La crise économique liée à la chute des prix des matières premières dans les années 2010 met également le modèle d’Afriland à l’épreuve. Dr. Fokam maintient le cap en diversifiant les activités, notamment via Afriland First Group, qui inclut des filiales dans l’assurance, le leasing et la microfinance. En 2021, le groupe affiche un résultat net de 35 milliards de FCFA, démontrant sa capacité à naviguer dans des contextes difficiles.

Un engagement social et intellectuel

Au-delà de la banque, Paul Fokam Kammogne est un acteur du développement. En 1990, il crée la Fondation Paul Kammogne Fokam pour promouvoir l’éducation et l’entrepreneuriat, finançant des écoles et des bourses pour les jeunes Camerounais. Il est aussi à l’origine de l’Institut Universitaire de Technologie Fotso Victor de Bandjoun, un établissement qui forme des techniciens et ingénieurs depuis 2006.

Auteur prolifique, Dr. Fokam a publié plusieurs ouvrages, dont L’Entrepreneuriat en Afrique : une solution au développement (2012), où il défend une approche endogène de la croissance économique. Son concept de « banque communautaire » inspire aujourd’hui des initiatives similaires dans d’autres pays africains.

Défis et horizons

En 2025, à 77 ans, Paul Fokam reste président exécutif d’Afriland, mais prépare une transition. Ses enfants et neveux occupent des postes clés dans le groupe, suggérant une succession familiale. Parmi les défis à relever figurent la montée des fintechs, qui concurrencent les services de proximité d’Afriland, et la nécessité de renforcer la digitalisation, un domaine où le groupe a pris du retard par rapport à des rivaux comme Ecobank.

Dr.
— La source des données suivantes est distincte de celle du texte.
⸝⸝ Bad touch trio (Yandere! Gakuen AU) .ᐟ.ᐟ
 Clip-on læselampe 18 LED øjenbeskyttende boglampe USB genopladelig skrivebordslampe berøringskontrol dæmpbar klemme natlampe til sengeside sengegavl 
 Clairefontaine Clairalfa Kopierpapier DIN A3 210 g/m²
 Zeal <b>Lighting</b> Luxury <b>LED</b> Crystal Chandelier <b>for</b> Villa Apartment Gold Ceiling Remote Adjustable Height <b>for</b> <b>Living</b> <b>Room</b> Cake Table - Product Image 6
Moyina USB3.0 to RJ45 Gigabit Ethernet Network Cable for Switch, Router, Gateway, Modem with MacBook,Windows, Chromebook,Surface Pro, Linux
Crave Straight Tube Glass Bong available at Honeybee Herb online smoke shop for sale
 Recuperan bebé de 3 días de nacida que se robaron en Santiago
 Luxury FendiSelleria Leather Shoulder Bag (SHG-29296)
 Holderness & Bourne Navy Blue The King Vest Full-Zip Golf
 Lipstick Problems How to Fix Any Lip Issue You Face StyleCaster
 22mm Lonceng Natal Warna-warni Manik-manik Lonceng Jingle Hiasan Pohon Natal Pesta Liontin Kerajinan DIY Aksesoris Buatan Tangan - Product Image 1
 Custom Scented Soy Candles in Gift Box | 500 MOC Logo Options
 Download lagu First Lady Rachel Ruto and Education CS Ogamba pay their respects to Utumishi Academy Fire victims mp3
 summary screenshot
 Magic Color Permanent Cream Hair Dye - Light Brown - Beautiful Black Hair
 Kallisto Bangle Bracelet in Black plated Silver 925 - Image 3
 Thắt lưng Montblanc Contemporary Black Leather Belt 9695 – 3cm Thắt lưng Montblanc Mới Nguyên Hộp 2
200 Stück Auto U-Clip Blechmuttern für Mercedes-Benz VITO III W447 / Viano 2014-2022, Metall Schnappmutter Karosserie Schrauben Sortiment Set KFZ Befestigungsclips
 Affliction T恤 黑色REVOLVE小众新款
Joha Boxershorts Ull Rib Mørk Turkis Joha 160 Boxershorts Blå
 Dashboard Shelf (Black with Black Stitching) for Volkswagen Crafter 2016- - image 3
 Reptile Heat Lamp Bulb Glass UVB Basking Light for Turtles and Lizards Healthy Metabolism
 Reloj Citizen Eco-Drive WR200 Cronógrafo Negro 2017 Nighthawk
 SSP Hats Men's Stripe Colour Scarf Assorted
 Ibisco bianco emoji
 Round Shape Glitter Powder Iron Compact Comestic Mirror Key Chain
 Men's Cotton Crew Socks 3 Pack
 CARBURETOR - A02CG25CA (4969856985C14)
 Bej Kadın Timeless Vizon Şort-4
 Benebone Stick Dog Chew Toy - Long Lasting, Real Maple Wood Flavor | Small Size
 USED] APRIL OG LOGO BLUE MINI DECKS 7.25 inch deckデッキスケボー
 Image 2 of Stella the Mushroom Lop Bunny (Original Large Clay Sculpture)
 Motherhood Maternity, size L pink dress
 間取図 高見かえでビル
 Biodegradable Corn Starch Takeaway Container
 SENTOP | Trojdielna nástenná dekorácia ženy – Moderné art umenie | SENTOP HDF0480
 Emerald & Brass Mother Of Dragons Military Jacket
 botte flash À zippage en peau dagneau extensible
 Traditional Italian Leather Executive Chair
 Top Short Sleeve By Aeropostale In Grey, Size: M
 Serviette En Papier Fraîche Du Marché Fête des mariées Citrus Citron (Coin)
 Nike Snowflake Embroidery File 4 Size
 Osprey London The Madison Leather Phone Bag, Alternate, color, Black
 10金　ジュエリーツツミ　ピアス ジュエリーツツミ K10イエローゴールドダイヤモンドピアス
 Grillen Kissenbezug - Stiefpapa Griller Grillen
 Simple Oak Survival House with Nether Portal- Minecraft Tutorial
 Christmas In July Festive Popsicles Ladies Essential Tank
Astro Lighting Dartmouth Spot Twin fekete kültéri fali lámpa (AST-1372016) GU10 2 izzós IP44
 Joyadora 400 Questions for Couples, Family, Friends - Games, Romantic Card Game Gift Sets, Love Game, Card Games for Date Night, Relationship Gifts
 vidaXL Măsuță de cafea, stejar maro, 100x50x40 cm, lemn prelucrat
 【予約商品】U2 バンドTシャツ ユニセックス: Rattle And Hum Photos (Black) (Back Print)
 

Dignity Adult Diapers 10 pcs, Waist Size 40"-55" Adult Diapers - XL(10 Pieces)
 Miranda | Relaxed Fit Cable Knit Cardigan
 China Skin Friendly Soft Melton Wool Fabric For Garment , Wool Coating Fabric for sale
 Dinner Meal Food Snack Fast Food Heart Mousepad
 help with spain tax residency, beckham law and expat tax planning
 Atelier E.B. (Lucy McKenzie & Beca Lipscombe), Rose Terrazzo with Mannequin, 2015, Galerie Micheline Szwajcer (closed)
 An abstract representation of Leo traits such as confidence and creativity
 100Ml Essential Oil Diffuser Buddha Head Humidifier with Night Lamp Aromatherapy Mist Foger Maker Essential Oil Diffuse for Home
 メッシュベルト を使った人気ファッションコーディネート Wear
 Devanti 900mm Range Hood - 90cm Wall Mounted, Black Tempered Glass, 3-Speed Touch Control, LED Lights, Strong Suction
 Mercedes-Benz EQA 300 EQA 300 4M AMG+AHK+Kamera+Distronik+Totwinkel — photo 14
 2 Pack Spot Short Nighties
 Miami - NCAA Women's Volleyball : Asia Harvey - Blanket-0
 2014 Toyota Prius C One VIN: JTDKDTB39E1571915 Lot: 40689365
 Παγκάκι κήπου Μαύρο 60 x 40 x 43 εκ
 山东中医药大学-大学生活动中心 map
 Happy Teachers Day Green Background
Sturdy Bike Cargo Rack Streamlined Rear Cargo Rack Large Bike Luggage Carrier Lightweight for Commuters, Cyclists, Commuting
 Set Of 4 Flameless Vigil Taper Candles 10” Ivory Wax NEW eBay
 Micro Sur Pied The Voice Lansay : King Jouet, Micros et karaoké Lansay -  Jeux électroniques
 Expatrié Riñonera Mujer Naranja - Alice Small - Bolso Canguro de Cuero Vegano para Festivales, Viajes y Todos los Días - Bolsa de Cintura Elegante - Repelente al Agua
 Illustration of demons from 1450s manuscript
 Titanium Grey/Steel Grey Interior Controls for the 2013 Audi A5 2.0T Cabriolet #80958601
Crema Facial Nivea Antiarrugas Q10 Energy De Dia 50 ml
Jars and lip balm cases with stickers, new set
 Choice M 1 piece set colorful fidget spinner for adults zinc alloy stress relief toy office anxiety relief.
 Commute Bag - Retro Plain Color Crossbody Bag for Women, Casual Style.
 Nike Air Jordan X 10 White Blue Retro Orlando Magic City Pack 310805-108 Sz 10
Fokam ambitionne aussi de porter la présence d’Afriland à 15 pays d’ici 2030, avec un focus sur l’Afrique de l’Est. En 2023, il annonçait un plan d’investissement de 100 milliards de FCFA pour moderniser les infrastructures technologiques du groupe, un pari sur l’avenir dans un secteur en pleine mutation.

Un legs monumental

Paul Fokam Kammogne incarne l’esprit d’une Afrique qui se prend en main. En bâtissant Afriland First Bank, il a démontré que des institutions locales pouvaient non seulement survivre, mais prospérer face aux géants internationaux. Son héritage va au-delà des chiffres : il réside dans cette conviction qu’une banque peut être un outil de transformation sociale, au service des communautés qu’elle dessert. En 2025, alors que l’Afrique cherche des modèles pour son autonomie financière, Dr. Fokam demeure une source d’inspiration, un architecte dont l’œuvre continuera d’éclairer le chemin du secteur bancaire continental.